1. Find all "proximity events" where any two entities are near each other within user specified proximity parameters. 
   This uses the join_features tool from GeoAnalytics.
2. Group consecutive proximity events into single sustained events.
3. Create a queue containing the user provided starting entities (entity_id and start_time). The queue will be appended 
   to as new entities are discovered.
4. For each entity in the queue (until empty): 
  1. Find all proximity events that involve the entity after the start time and then filter so that we only have 
     the earliest proximity event for each newly discovered entity.

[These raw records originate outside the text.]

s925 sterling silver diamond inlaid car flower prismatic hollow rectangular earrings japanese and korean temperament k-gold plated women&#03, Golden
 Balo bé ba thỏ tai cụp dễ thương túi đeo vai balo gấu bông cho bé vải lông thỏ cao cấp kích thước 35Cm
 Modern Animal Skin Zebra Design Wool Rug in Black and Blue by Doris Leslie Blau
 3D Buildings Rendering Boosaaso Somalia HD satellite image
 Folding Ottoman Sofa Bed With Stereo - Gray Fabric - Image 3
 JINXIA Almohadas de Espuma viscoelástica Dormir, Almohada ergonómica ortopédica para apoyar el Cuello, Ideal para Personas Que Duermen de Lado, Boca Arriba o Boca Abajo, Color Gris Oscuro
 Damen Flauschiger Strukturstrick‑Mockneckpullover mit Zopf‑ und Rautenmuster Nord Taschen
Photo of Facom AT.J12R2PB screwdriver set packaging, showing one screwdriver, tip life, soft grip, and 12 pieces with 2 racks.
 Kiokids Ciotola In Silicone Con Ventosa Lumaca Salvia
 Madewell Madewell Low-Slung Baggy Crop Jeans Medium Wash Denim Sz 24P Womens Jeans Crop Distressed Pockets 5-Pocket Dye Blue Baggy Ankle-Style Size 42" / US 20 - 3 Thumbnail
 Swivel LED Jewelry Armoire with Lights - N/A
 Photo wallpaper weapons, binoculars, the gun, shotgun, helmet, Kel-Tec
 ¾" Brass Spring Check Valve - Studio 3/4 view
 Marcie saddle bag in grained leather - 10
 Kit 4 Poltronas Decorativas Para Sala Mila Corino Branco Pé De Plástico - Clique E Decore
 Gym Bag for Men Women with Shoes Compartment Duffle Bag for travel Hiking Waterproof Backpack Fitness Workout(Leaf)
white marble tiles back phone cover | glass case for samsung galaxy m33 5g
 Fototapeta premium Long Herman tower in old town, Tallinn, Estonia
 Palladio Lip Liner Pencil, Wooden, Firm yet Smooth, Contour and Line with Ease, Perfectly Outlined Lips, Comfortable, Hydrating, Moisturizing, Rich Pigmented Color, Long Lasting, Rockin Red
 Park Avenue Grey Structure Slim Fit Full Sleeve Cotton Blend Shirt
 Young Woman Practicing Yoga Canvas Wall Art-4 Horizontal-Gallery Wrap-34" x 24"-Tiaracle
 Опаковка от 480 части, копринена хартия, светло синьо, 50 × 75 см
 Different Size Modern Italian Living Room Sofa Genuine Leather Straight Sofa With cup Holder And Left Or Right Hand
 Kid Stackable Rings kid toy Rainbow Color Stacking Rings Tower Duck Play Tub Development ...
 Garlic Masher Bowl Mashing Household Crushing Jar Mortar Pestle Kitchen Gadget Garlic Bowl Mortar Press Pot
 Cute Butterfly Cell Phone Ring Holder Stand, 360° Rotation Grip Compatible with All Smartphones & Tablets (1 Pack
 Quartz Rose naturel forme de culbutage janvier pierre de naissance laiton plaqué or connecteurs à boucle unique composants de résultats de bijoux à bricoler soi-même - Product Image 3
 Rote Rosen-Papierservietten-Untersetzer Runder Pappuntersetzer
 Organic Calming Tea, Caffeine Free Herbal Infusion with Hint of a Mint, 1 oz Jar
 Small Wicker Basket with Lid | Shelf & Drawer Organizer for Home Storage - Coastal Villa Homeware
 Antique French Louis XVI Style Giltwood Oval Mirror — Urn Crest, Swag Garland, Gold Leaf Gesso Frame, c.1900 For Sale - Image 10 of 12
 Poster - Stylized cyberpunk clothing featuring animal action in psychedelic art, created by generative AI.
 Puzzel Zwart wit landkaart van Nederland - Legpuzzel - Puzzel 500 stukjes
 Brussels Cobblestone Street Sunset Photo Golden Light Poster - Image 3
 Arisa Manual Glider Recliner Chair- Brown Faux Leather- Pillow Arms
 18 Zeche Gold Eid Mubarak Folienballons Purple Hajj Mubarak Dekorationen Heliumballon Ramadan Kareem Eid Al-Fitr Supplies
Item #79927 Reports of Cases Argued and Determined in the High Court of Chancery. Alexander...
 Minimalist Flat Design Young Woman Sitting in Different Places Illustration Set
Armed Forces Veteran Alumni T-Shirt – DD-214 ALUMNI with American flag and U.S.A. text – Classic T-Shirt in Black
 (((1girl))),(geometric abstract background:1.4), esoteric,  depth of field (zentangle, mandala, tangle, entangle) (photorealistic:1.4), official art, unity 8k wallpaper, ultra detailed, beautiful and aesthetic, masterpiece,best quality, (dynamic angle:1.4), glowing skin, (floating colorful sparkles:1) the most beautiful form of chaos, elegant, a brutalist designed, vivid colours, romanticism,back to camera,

  2. Queue all first proximity events for further processing. Also add each new entity to the result.
  
A function that implements this is defined below. This will be executed by GeoAnalytics Server using Spark. It will 
create several output feature layers containing the results of the trace. 

In [1]:
def proximity_tracing_rps():
    import json
    from heapq import heappush, heappop
    from pyspark.sql import functions as F
    from pyspark.sql import Window, SparkSession
    from pyspark.sql.types import StructType, StructField, IntegerType, DoubleType
    from datetime import datetime, timedelta

    class ProximityTracing:
    
        def __init__(self, input_layer, entity_id_field, search_distance, search_duration, gap_tolerance=None,
                     additional_constraints=None):
    
            self.entity_id_field = entity_id_field
            self.search_distance = search_distance
            self.search_duration = search_duration
            self.gap_tolerance = gap_tolerance
            self.additional_constraints = additional_constraints
    
            self._init_observations(input_layer, entity_id_field)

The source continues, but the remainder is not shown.